┌──
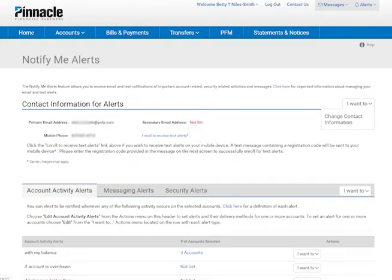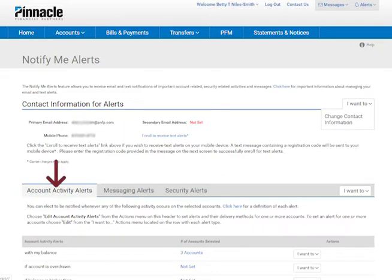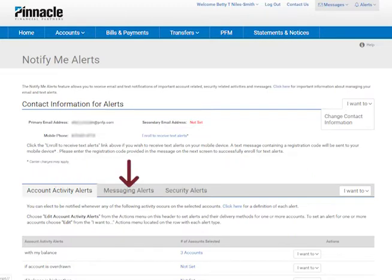The system provides three types of alerts. Account activity alerts, which are triggered when specific types of activity have occurred on an account or have exceeded thresholds that you have set — for example, when your checking account balance goes below $100. Messaging alerts are triggered when various types of messages are sent to your online banking inbox or there's been a change to your online service privileges.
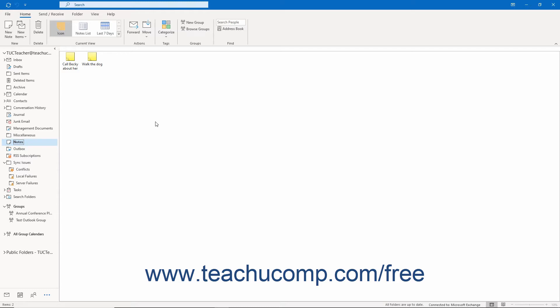To view a note in its own note window in Outlook, double-click the note to view it in the notes folder. To close the window, click the X in the upper right corner of the note.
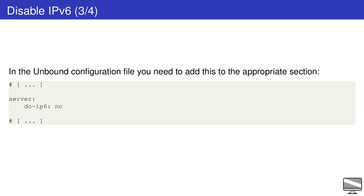Another program that has this problem is Unbound, a DNS resolver server. In this case you must set do-ip6 no in the configuration. Other apps have their own configurations. Read their manuals before disabling IPv6 on a system level.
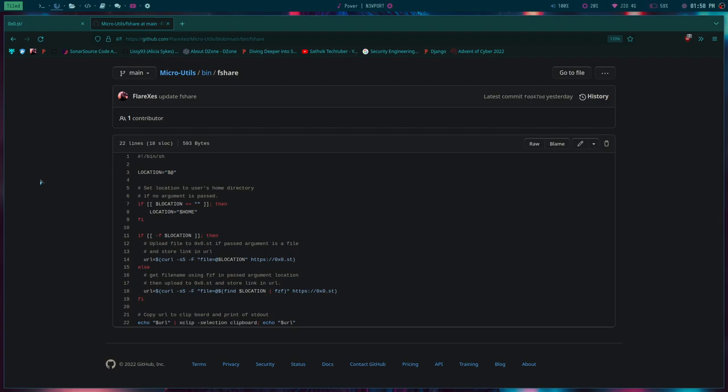Hey what is up everybody, this is Fliraxis. Yeah, I did change my username. If you wanted to know about that, you have to wait till the end of this video. But first of all, let's talk about how you can share files as fast as you can.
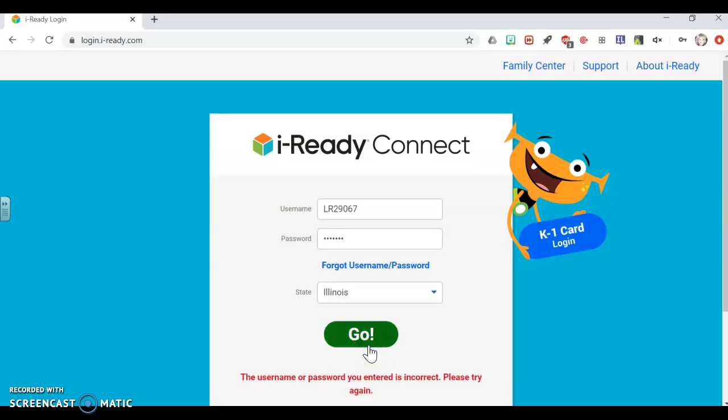That will go ahead and let you into iReady, and you will be able to choose math or reading, depending on what your teacher is asking you to do. I hope that helps. If you need further assistance with getting on to iReady beyond what this short tutorial could do, please make sure you contact me if your child is in my class by Dojo. Thanks!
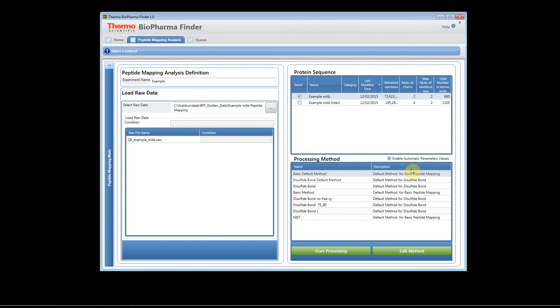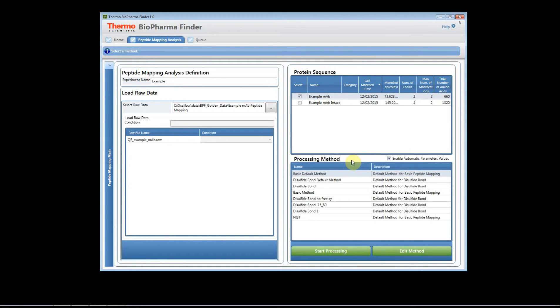Now one thing I want to point out is we have this little checkbox here that says enable automatic parameter values. How this checkbox works is let's say that you have a reference file and you use our basic default method and you just use the default parameters there.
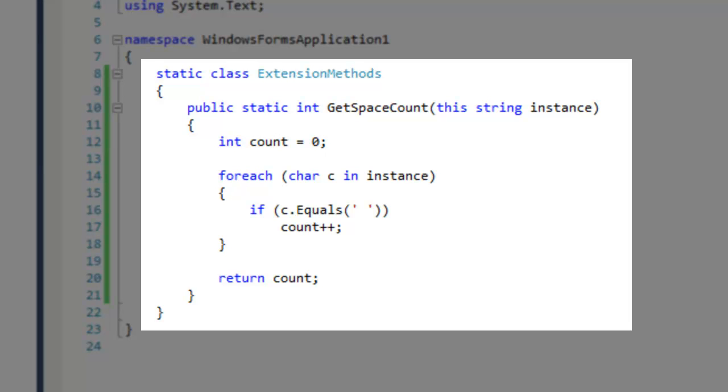Extension methods are methods that are used to extend predefined types. The extension methods and its containing class must be marked static, even though this method will be referenced through an instance of the specified type.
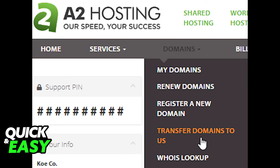After logging in, go to the customer portal and on the menu bar click Domains, then click on Transfer Domain to Us — the fourth option.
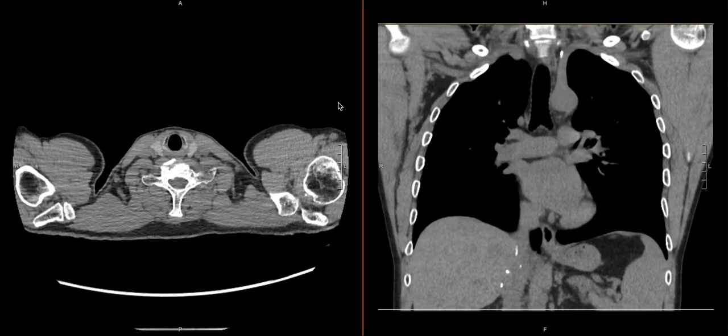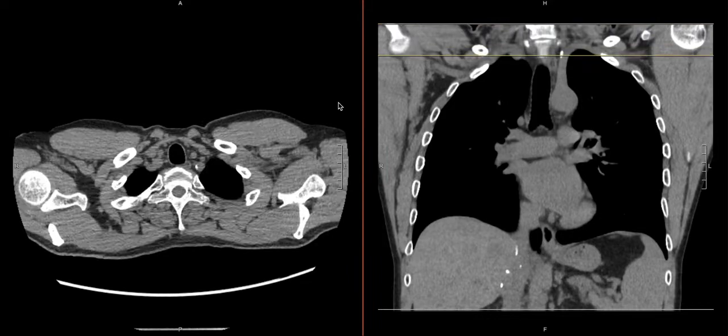Now we're going to discuss looking at the arteries. Even though this is a non-contrast study, we can oftentimes still appreciate some arterial pathology. It may not be the biggest focus of the study, and we may take what we see with a grain of salt, but it's important to build this into your search pattern with varying levels of extensiveness depending on what's going on with the patient.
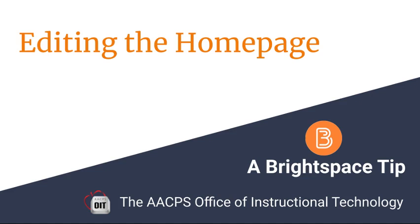Your Course Homepage, a Brightspace Tip from the AACPS Office of Instructional Technology.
└──
WHAT THE TASK REQUIRES:
Among the records above, locate the line containing "Another program that" and the line containing "Hey what is", then transcribe exactly the lines starting at the first and ending at the second, with no pictures.

ANSWER TO THIS EXERCISE:
Another program that has this problem is Unbound, a DNS resolver server. In this case you must set do-ip6 no in the configuration. Other apps have their own configurations. Read their manuals before disabling IPv6 on a system level.
Hey what is up everybody, this is Fliraxis. Yeah, I did change my username. If you wanted to know about that, you have to wait till the end of this video. But first of all, let's talk about how you can share files as fast as you can.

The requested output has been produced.